Growing up in east Los Angeles as the son of Central American immigrants, the everyday challenges faced by the people in my community seemed far removed from the American dream: the lack of good housing and jobs, failing schools, scraping together money for groceries, and all-too-common police brutality.
If you had asked us, we would have told you we were concerned about the days when the air pollution was especially thick, or when the smells coming from the incinerator directly south of our housing complex were particularly bad.
We would have told you we were concerned — but that these were not the greatest challenges facing our community. Yes, they were important problems, but any political agenda that did not speak to the central economic and social needs of our community seemed irrelevant.
For communities like mine, environmentalism has seemed to be about preserving places most of us will never see. Even when environmentalism has focused on problems that affect urban communities, such as air pollution or lead poisoning, it has pointedly avoided addressing my community’s desperate need for economic development. Environmentalists do not talk about the importance of a living wage or affordable housing because, we are told, these are not environmental problems. Foundations feed this problem by failing to recognize minorities and urban city residents as prominent stakeholders in the environmental arena.
While many leaders of the environmental movement have a deep and abiding interest in social and economic equity, that concern is largely absent from their work because it is “not their job.” The same mistake is made by every other progressive movement, including the civil rights movement.

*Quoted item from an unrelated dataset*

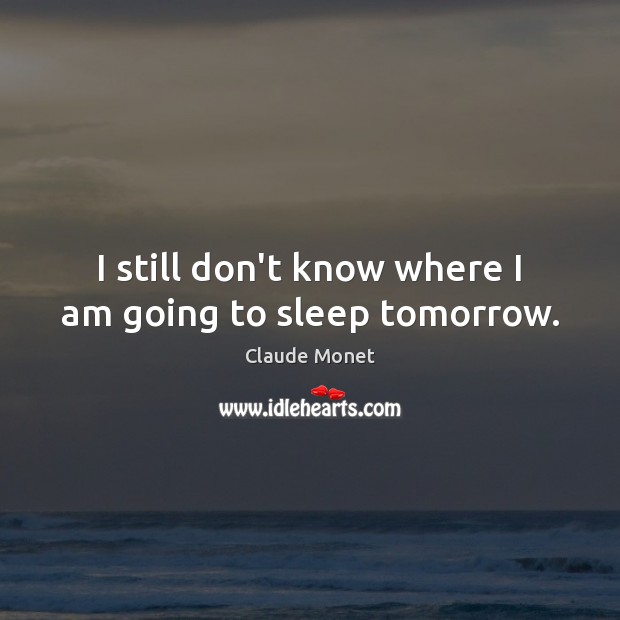 I still don’t know where I am going to sleep tomorrow. Claude Monet Picture Quote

We have become trapped in narrow categorical definitions of ourselves instead of developing a comprehensive understanding of what values we stand for.
After last November’s election, an essay called “The Death of Environmentalism” ignited a wide-ranging debate within the entire nonprofit community. The authors, Michael Shellenberger and Ted Nordhaus, accused the environmental movement of failing to offer a compelling vision for America. Instead, they said, environmentalists give “I Have a Nightmare” speeches and offer technical policy proposals that are far removed from the lives of ordinary Americans.
Consider this quote from the essay: “The environmental movement’s incuriosity about the interests of potential allies depends on it never challenging the most basic assumptions about what does and doesn’t get counted as ‘environmental.’ Because we define environmental problems so narrowly, environmental leaders come up with equally narrow solutions.”
I experienced these narrow definitions firsthand in the late 1990s, when my organization tried to pass legislation to make it easier to revitalize “brownfields” — the thousands of idle and polluted lots in inner cities.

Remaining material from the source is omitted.